131123_3_convert_20131126003004.png 個人的な見解・意見と断りつつ、この半世紀で日本人の食生活が大きく変化したこと(外部化・簡便化、米消費の半減と畜産物・油脂の消費急増)が、栄養バランスの崩れ、食料自給率の低下のみならず、地球環境への負荷も増大させている状況を説明。
 そして、地産地消は輸送に伴う環境負荷削減のためにも有効であり、大根を素材にフード・マイレージ等の計算例を紹介し、後半はグループワークを実施しました。

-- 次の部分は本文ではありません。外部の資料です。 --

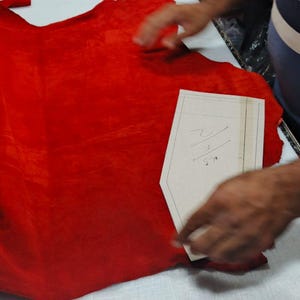 Puede incluir: Una pieza grande de cuero rojo vibrante extendida sobre una superficie blanca, con una plantilla de patr&oacute;n de papel beige encima. La plantilla presenta marcas escritas a mano y un borde superior puntiagudo. Un c&uacute;ter plateado descansa cerca.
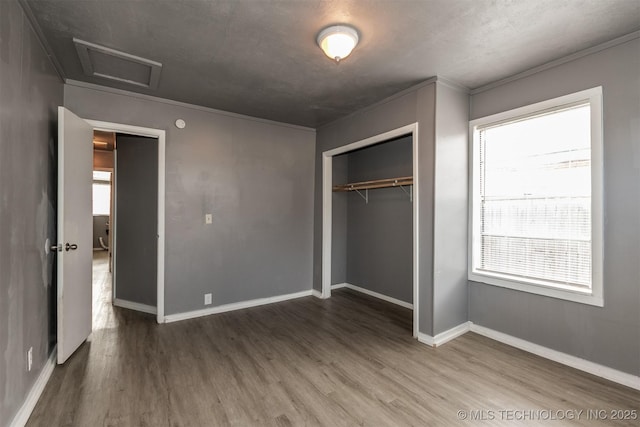 unfurnished bedroom with wood-type flooring, multiple windows, a closet, and crown molding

 4~5名ずつで5グループに分かれてもらい、食材カードを使って晩ご飯の献立を考え、フード・マイレージと輸送に伴う二酸化炭素排出量等を計算することを通じて、望ましい食生活のあり方、自分が何をできるかを話し合ってもらおうという趣旨です。
 20分程度の予定が、計算と熱心な話し合いが終わらず30分に延長。
 それでも収まり切りませんでしたが時間の都合で打ち切り、各グループの代表者から発表。
 さすが、意欲と熱意のある方ばかりです。
 2パターンの献立について計算した上で、和食を選ぶことがフード・マイレージの縮小と同時に栄養バランス面でも望ましいものとなることが理解できた、距離だけではなく輸送手段によって二酸化炭素排出量は大きく異なることに驚いた、地産地消だけではなく旬の食材を選ぶことも重要ではないか、等の発表がありました。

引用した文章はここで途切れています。